Одному богу известно, как часто мне снится та ночь. Опять и опять, и я свертываюсь клубком и ору во всю глотку. Прибегает мамаша. Берет меня за ручку и гладит по головке, как маленького.
— Тебе что-то приснилось? — спрашивает она. — Рейнерт, проснись! Что тебе снится?
Но я молчу. Сяду в постели, уставлюсь на нее, а как пойму, что все это сон, снова ложусь, отворачиваюсь и тут же засыпаю.
Когда мы бежим и всё ни с места — это еще цветочки, и когда они стреляют, и когда на меня прыгает собака, и когда меня тащат берегом обратно к лесочку на пляже Бюгдё и я вижу, что там лежит Калле, — это все цветочки.
Но когда я зову его во сне, говорю с ним, ору изо всех вил, а его голоса нет, — вот это по-настоящему жутко.
Я понимаю, что он говорит, но голоса его там нет. Я не могу вспомнить его голос. Словно он говорит за стеклянной стеной. Что он говорит, я понимаю, помню все слова и что когда случилось, но как он это говорил, не помню.
Вот она где, самая жуть!
Потому что по этим кошмарам получается, будто Калле погиб прежде, чем все началось.
В этих моих кошмарах у него нет голоса, и потому ясно, что ему крышка. Он меченый, как говорит моя мамаша. Она у меня с Севера. Там всегда так говорят про человека, которому суждено было погибнуть. Ну хотя бы в море во время шторма. Меченый был, говорят они, когда кто-ни будь утонет. Если верить мамаше.

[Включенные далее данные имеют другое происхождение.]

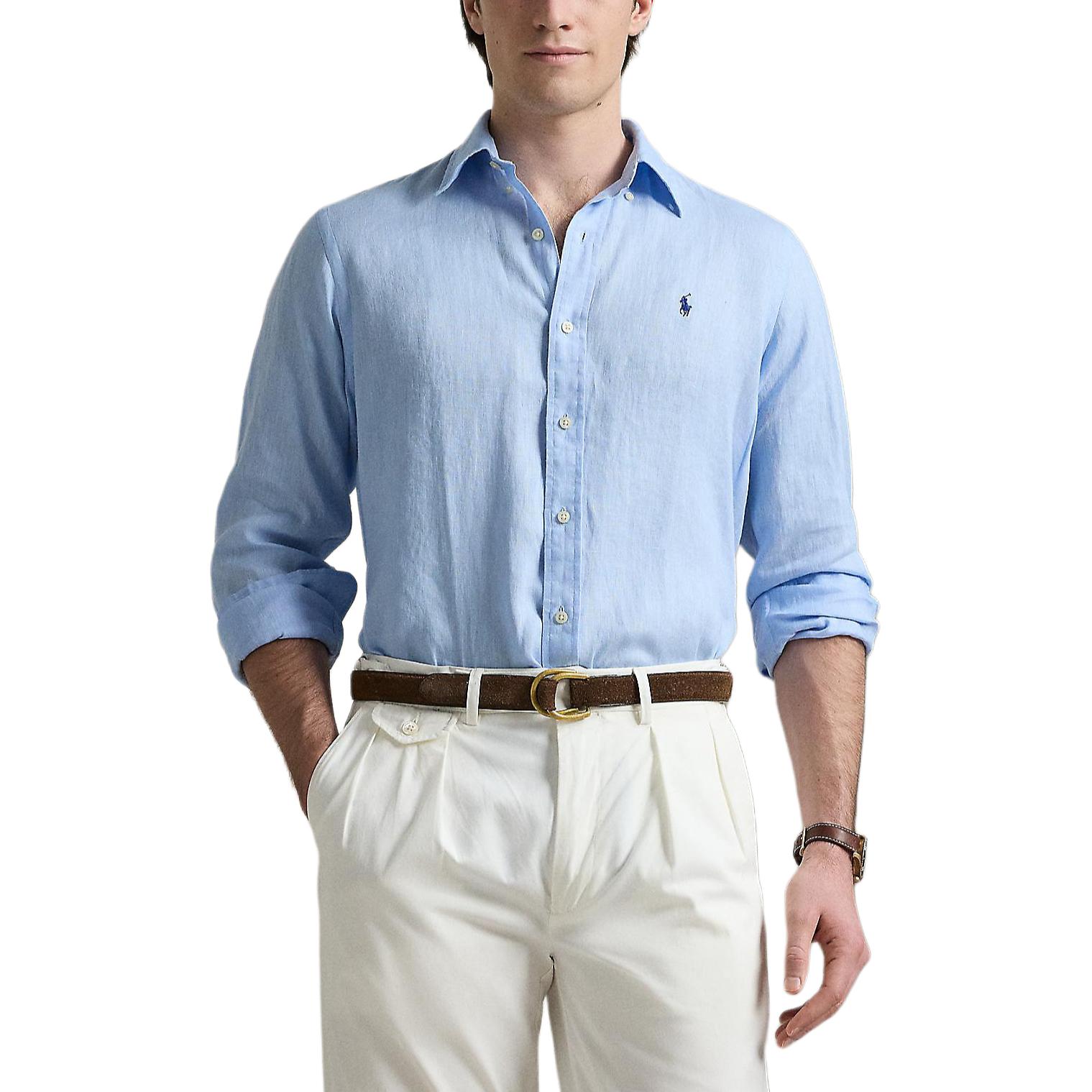 Lookbook 拉夫·勞倫 刺繡寬鬆版長袖襯衫 藍色 MNPOWOV16824181-400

Вот это и есть самое страшное.
У Калле нет голоса, и, значит, все бесполезно. Он обречен, должен погибнуть в конце сна. Так что сон вроде бы и не нужен. Или, вернее, так: это уже не сон, а кошмар. И он не кончится, пока я не скорчусь и не заору. Пока кто-нибудь не разбудит меня. Не положит этому конец. Скажем, мамаша. Раз или два в последнее время меня будила Сири. Бедная Сири, вот она труханула в первый раз. Уж как я ее потом успокаивал да объяснял, что это кошмар и что от меня это не зависит. Вообще-то кошмары мне снились и раньше, до Калле, просто теперь, когда он погиб, все эти кошмары бывают про него.
Начинаются они, как самый обычный сон — о спортзале, о девчонках, о том, что я где-то слоняюсь или меня преследуют, и вдруг появляется Калле. И раз у него нет голоса, я как будто понимаю во сне, чем это кончится. Понимать понимаю, а помешать не могу. Все должно идти своим чередом.
Я даже думал, что, будь у меня пленка с голосом Калле, все было бы о’кей. Хоть с этим кошмаром было бы покончено.
Я спрашивал у его папаши с мачехой, нет ли у них случайно какой записи или, может, они знают, у кого есть.